Matthew Broderick (Ferris), Allan Ruck (Cameron), Jeffrey Jones (Ed), Mia Sara (Sloane)
High school senior Ferris Bueller (Matthew Broderick) decides to skip school on a nice spring day by faking an illness to his parents (Lyman Ward and Cindy Pickett), then encourages his girlfriend, Sloane Peterson (Mia Sara) and his pessimistic best friend, Cameron Frye (Alan Ruck) to spend the day in Chicago as one of their last flings before they head off to different colleges. Ferris persuades Cameron to let them use his father's prized 1961 Ferrari 250 GT California convertible to drive into the city. Only two people are not convinced by Ferris's deception: his often sarcastic sister Jeanie (Jennifer Grey), outraged at Ferris's ability to defy authority easily, and the school's Dean of Students, Edward Rooney (Jeffrey Jones), who believes Ferris to be truant.
Ferris and his friends arrive downtown and leave the Ferrari with two garage attendants, who drive off in it, and take it for a joyride a short time later. Ferris, Sloane and Cameron enjoy many sights of the city, including a Cubs game at Wrigley Field, visits to the Sears Tower, the Art Institute of Chicago, and the Chicago Mercantile Exchange as well as taking part in the Von Steuben Day Parade, considered the German-American event of the year, where Ferris lip-syncs to "Danke Schoen" and The Beatles' version of "Twist and Shout" while riding on a parade float.
At the end of the day, Ferris and his friends retrieve the Ferrari, but discover on the way home that nearly two hundred miles have been added to the odometer. This sends Cameron into a panic. After calming him down, Ferris comes up with a plan to run the car's engine in reverse inside Cameron's father's hillside garage, hoping to undo the mileage on the odometer.
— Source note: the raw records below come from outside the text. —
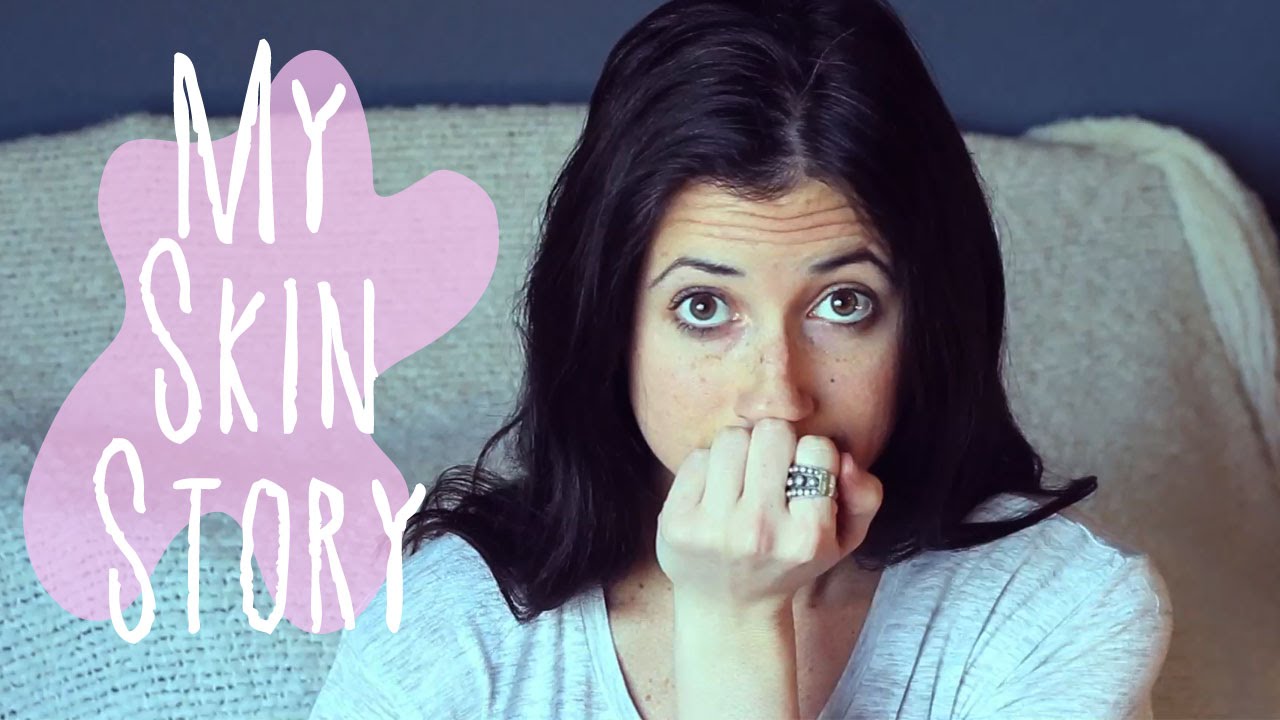 My Skin Story | Acne, Diet, and Skin Care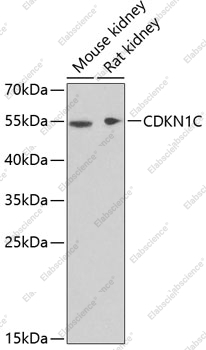 Вестерн-блоттинг, CDKN1C, различные клеточные линии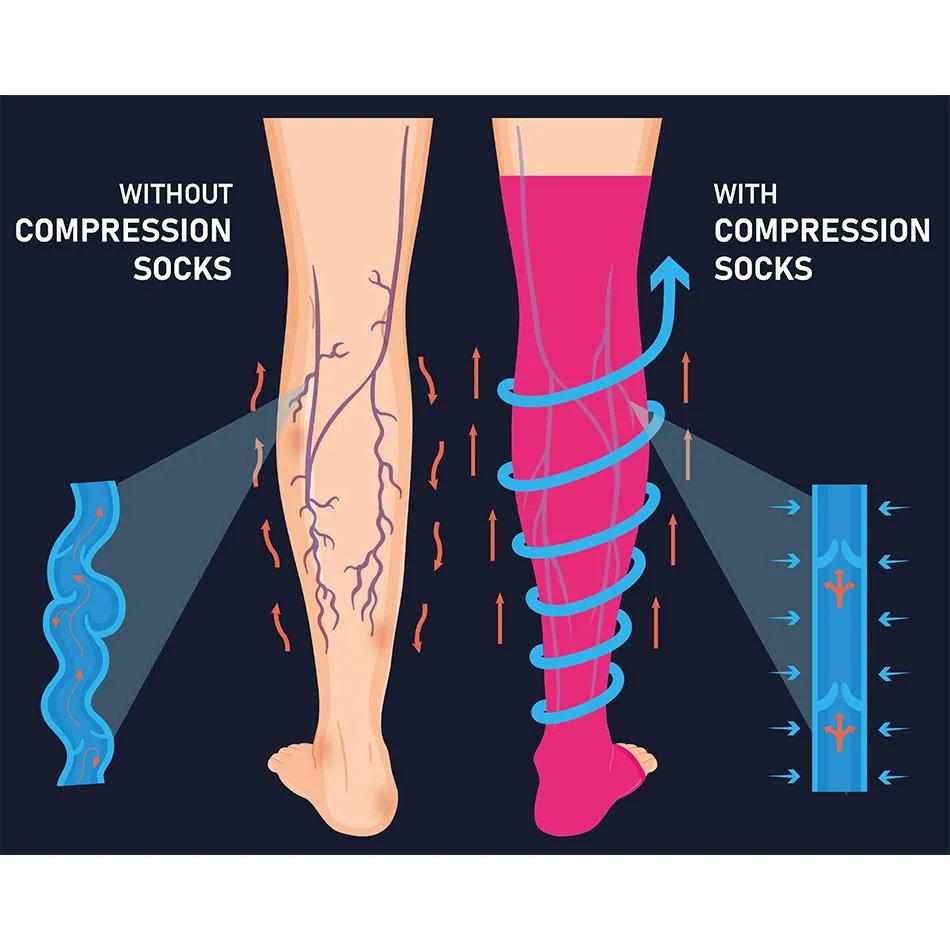 3 pairs of women's compression socks men's outdoor sports socks pregnant women's varicose vein socks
When they realize this is not working, Cameron unleashes his pent-up anger against his father, kicking and damaging the front of the Ferrari. Despite Ferris' offer to take the blame, Cameron still plans to "take the heat" and admit his actions to his father.
Ferris walks Sloane home, before realizing he must get home within five minutes. He then races through the backyards of his neighbourhood and succeeds in getting home before his parents.
It's easy to understand the reason we identify with the movie and it's main carachter. Despite being irresponsible and promoting transgression, Ferris fulfils, with his little adventure, a desire that exists within us all. Most of us watch the movie hoping Ferris gets away without being caught, and love the "happy ending" of the film, when that is exactly what happens. As once said by the philosopher Sheryl Crow: "All I wanna do is have some fun, I have a feeling, I'not the only one". Miss Crow is definitely not the only one, neither is Ferris.
Because of its message, this film could have been written and produced by german philosopher Friedrich Nietzsche, it synthesises much of what Mr. Nietzsche preached. For Nietzsche the world is not reason and order, but rather irrationality and disorder. The only true reality comes from living and experiencing life through living the moment.
The success of "Bueller's Day Off" comes from the simplicity of its message. Ferris only follows an instinct that exists within us all and picks one day to "challenge the system." For Nietzsche, morality (follow the rules) is the easy path to follow, it is comfortable to choose this path and abstain from the full authenticity of life. At some point, however, the experience of living the moment becomes necessary, this is what is shown in the movie (we cheer for Ferris because we believe he "deserves" to live that moment). When the movie ends, we get the impression that in the the next day everything will be back to "normal", and Ferris will resume acting the way society expects him to. It may be true, but the memories of that day will be with him forever.
Besides the strong connection with Nietzsche, the film also reflects the thinking of the Greek philosopher Epicurus. For Epicurus, the purpose of philosophy was to attain the happy, tranquil life, characterised by "ataraxia" — peace and freedom from fear — and "aponia" —the absence of pain — and by living a self-sufficient life surrounded by friends. Modern followers of Epicurus include jamaican philosopher Bob Marley who once said “love the life you live, live the life you love.”
In "Bueller's Day Off," Ferris shows us that "yes, we can."